Nachdem in gebührender Ausführlichkeit technische
Einzelheiten besprochen worden waren, ging man auseinander und in sachtem
Nachgekichere versank der kühne Einfall wieder im Strom des Vergessens.
…WIRD ZU PAPIER
Ich aber wollte den hübschen, kleinen Einfall, der sich -
gottlob! - doch nicht und nirgends verwirklichen läßt, wenigstens literarisch
festhalten und konsequent zu Ende spinnen; setzte mich also anderntags an's
Gerät und verfaßte folgenden kleinen Artikel für den "HOHLSPIEGEL", das interne
Mitteilungsblatt des Vereins:
Liebe
Mitglieder,
der
Strafvollzug in der herkömmlichen Form, in welcher der Staat Ein-/Verbrecher
jeglicher Art in von ihm unterhaltenen Etablissements zwangsweise beherbergt und
bekocht, ist - nehmt alles nur in allem - ein kostspieliges Vergnügen. Selbst
wenn man die Einnahmen der Justizvollzugsanstalten aus dem Verkauf wohlfeiler
Arbeitskraft bereits auf der Habenseite verbucht, so bleibt unter dem Strich
doch die bittere Erkenntnis, daß das Staatsunternehmen JVA - wie so viele
staatliche Betriebe (Bahn, Müllabfuhr z. B.) - ein rechter Zuschußbetrieb ist.

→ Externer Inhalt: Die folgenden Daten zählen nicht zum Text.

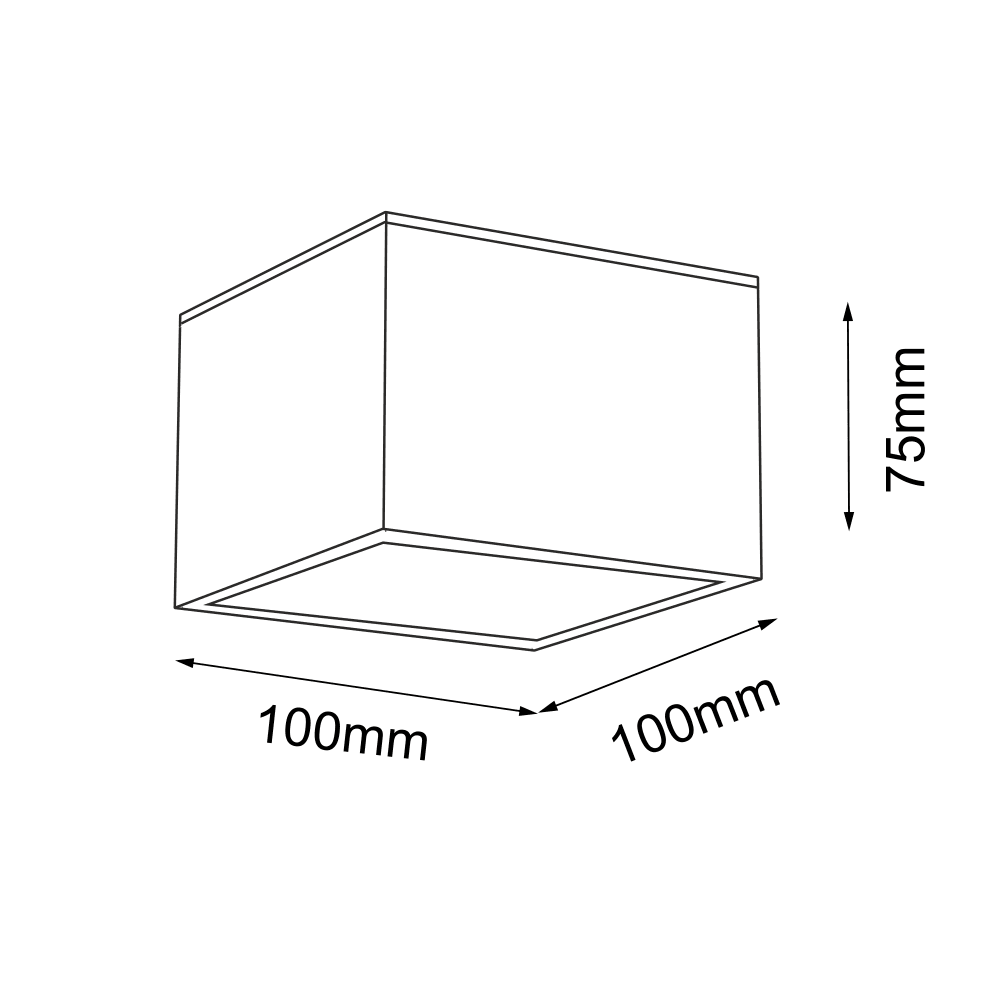 Plafon Suwa - Czarny IP44 (100x100 mm) 8053 - Antigo - obrazek 2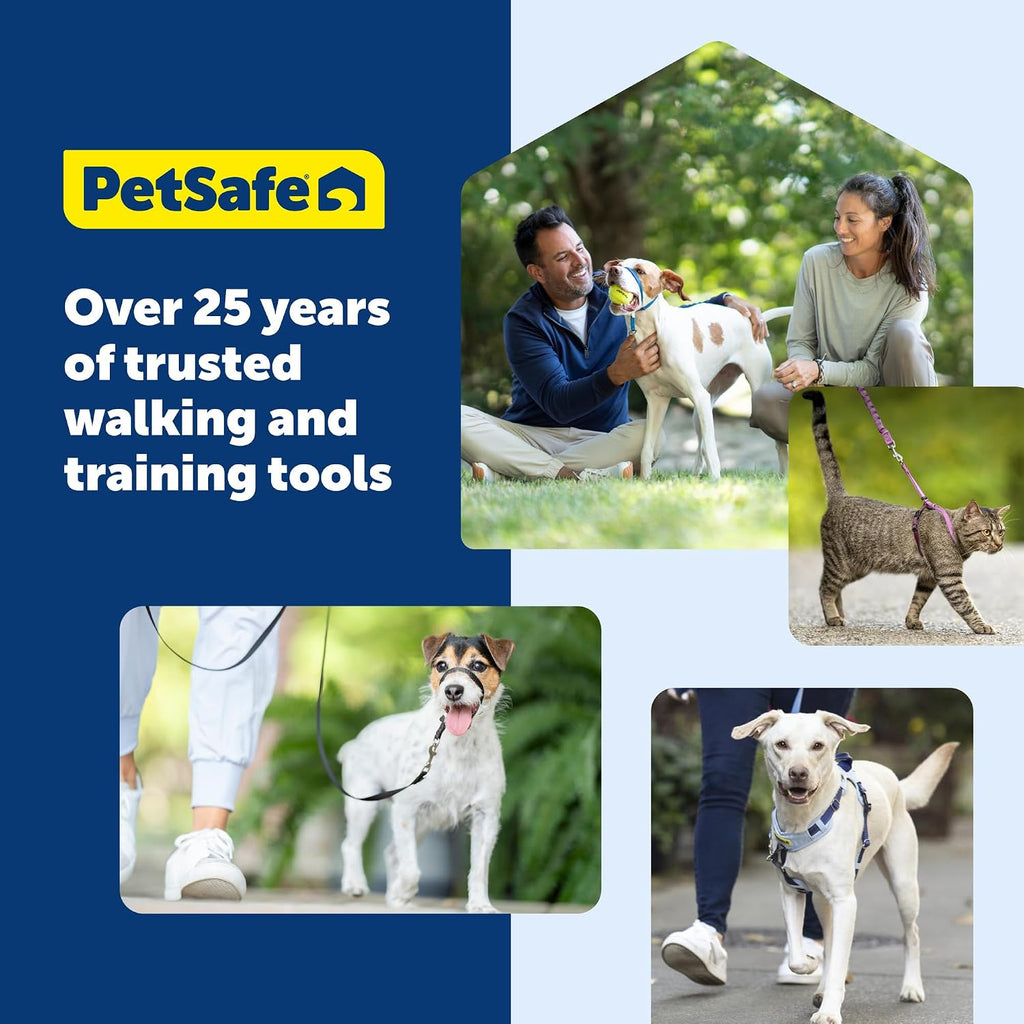 PetSafe Gentle Leader No-Pull Dog Headcollar - The Ultimate Solution to Pulling - Redirects Your Dog's Pulling for Easier Walks - Helps You Regain Control - Large, Black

Wenn auch manche Vollzugsanstalten - wie z. B. das Flaggschiff des
Frei(!!)staates Bayern: die JVA Straubing - wirtschaftlich autark sind, so
bleibt doch der betrübliche Fakt, daß jeder Einsitzende im Durchschnitt pro Beherbergungstag 75,- DM
kostet. Darin ist Kost, Logis und eine Rund-um-die-Uhr-Betreuung
enthalten.
So sicher wie
das richtig ist, so gewiß ist auch, daß dies nicht so sein muß. So manche
wagemutige Kommune hat mittlerweile mit der Privatisierung ehemals kommunaler
Dienste - wie eben der erwähnten Müllabfuhr - sehr gute Erfahrungen gemacht,
dergestalt nämlich, daß die weiland Zuschußbetriebe in privater Regie mit einem
Male nicht nur keine Verluste, sondern sogar Gewinne
machten.
Das geistige
Klima der politischen WENDE in diesem unserem Lande läßt nun die Blütenträume
kühner Privatisierungsprojekte blühen. Nachdem es der KONTAKT e. V. bereits
bisher schon geschafft hat, mit seinen Sozialen Trainingskursen einen - im
wohlverstandenen Sinne - alternativen Strafvollzug zu Dumpingpreisen anzubieten,
wollen wir mit einem neuen Projekt weitere Marktanteile in der krisenfesten
Wachstumsbranche Strafvollzug erobern.
Wenngleich es
vorwitzig erscheinen mag, in der jetzigen Phase der ersten Planung und
Kalkulation zu laut schon herumzurufen, so verpflichtet uns doch das Prinzip
Demokratie in unserem Verein zu dieser Offenheit:
- DER KONTAKT E. V. PLANT, IM RAUM REGENSBURG
EINE STAATLICH ANERKANNTE, NICHTSDESTOTROTZ ABER PRIVATE JUSTIZVOLLZUGSANSTALT
ZU ERRICHTEN UND IN EIGENER REGIE ZU BETREIBEN.
Erste
Verhandlungen mit dem Bayerischen Staatsministerium der Justiz und der Stadt
Regensburg haben bereits gezeigt, daß dem besagten Projekt von Seiten dieser
Behörden erhebliches Wohlwollen entgegengebracht wird. Dieses Wohlwollen gründet
sich auf handfeste Vorteile, die der Öffentlichen Hand aus dem "Projekt
KONTAKT-Knast" erwüchsen.
- Der Staat ist
von der Aufgabe, eine solche Institution selbst zu verwalten, entlastet;
lediglich eine gewisse Fach- und Rechtsaufsicht muß er noch wahrnehmen - in etwa
vergleichbar mit der jetzigen Situation bei Privatschulen oder
-internaten.
- Die im Verlaufe eines solchen Betriebes auch
weiterhin zu erwartenden Pannen und Skandale - natürlich wird es sie geben, so
wie es sie bisher gegeben hat - fallen dann nicht mehr zu Lasten staatlicher
Behörden, sondern werden bereits im Vorfeld privatinitiativ
aufgefangen.
- Nach den bisher vorliegenden und bereits
eingereichten Kalkulationen beläuft sich der von uns kostendeckend zu
berechnende Tagessatz im sensationell niedrigen Bereich von 47,83 DM (!!).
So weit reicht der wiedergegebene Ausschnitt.